◆ Requirement: Print the line that contains "Casa à venda com 345m², 4 quartos e 4 vagas" and every line after it through the last line of the records below, exactly as written and nothing else.

(Short text fragments from websites)
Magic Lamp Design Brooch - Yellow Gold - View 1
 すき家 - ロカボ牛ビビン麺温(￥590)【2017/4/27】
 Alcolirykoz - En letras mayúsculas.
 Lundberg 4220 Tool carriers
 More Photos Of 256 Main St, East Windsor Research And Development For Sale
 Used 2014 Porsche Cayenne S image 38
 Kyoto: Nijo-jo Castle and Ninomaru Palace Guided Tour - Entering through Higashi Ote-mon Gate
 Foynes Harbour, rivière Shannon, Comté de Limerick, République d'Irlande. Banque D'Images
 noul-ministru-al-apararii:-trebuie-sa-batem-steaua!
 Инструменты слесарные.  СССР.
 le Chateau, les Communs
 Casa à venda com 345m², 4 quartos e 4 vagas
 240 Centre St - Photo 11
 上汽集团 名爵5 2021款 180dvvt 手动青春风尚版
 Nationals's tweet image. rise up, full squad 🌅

◆ Output of the task:
 Casa à venda com 345m², 4 quartos e 4 vagas
 240 Centre St - Photo 11
 上汽集团 名爵5 2021款 180dvvt 手动青春风尚版
 Nationals's tweet image. rise up, full squad 🌅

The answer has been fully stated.